[Given records]

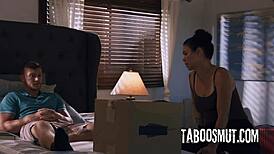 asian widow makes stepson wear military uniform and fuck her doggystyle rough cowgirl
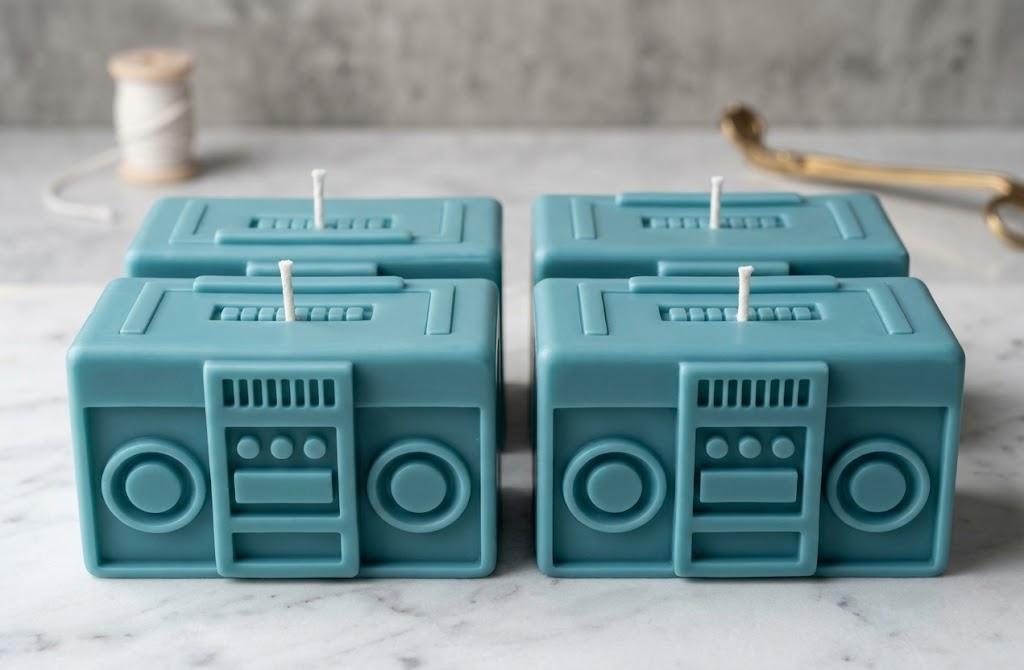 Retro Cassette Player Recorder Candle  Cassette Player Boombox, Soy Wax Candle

[/Given records]
[Given records]

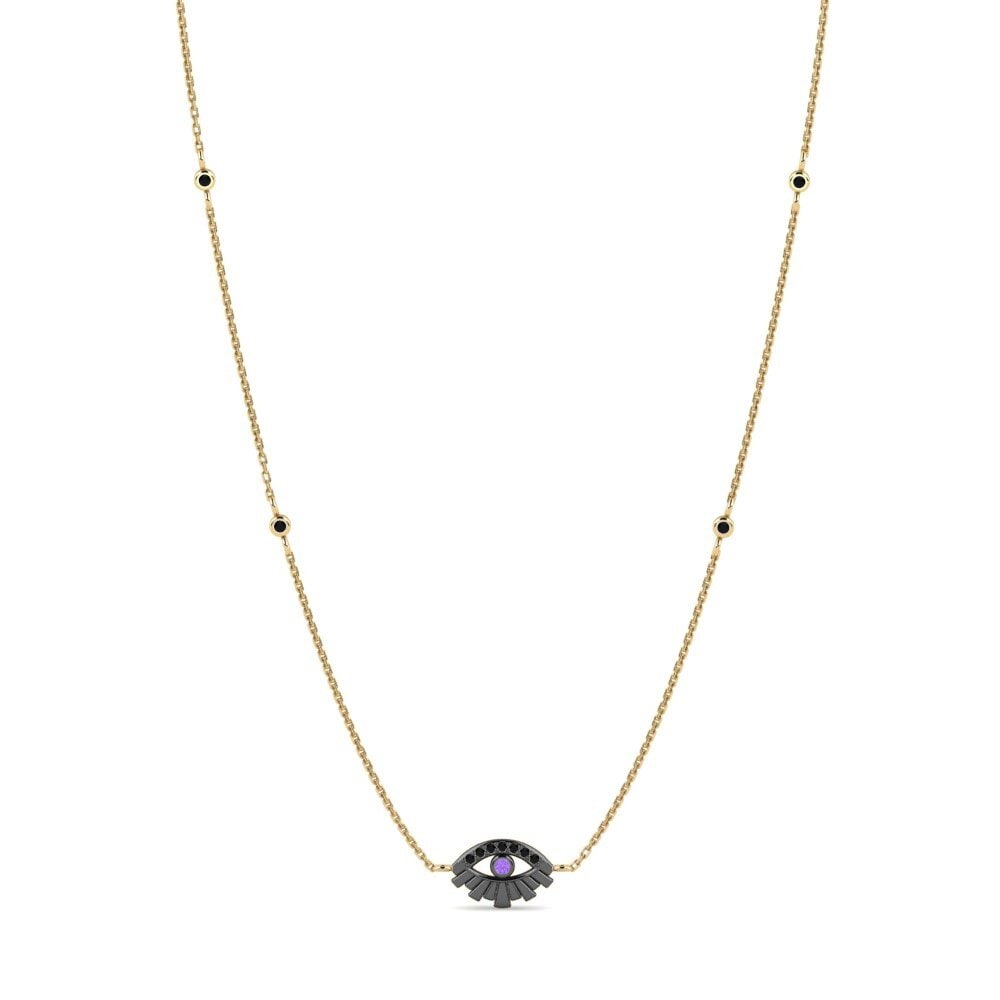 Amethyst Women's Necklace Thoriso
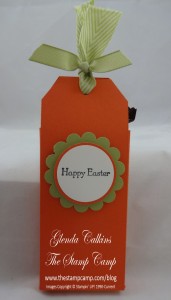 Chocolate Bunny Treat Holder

[/Given records]

Look above for the line containing "asian widow makes", then copy exactly from it through the line containing "Retro Cassette Player", keeping both and leaving out pictures. Add nothing else.

 asian widow makes stepson wear military uniform and fuck her doggystyle rough cowgirl
 Retro Cassette Player Recorder Candle  Cassette Player Boombox, Soy Wax Candle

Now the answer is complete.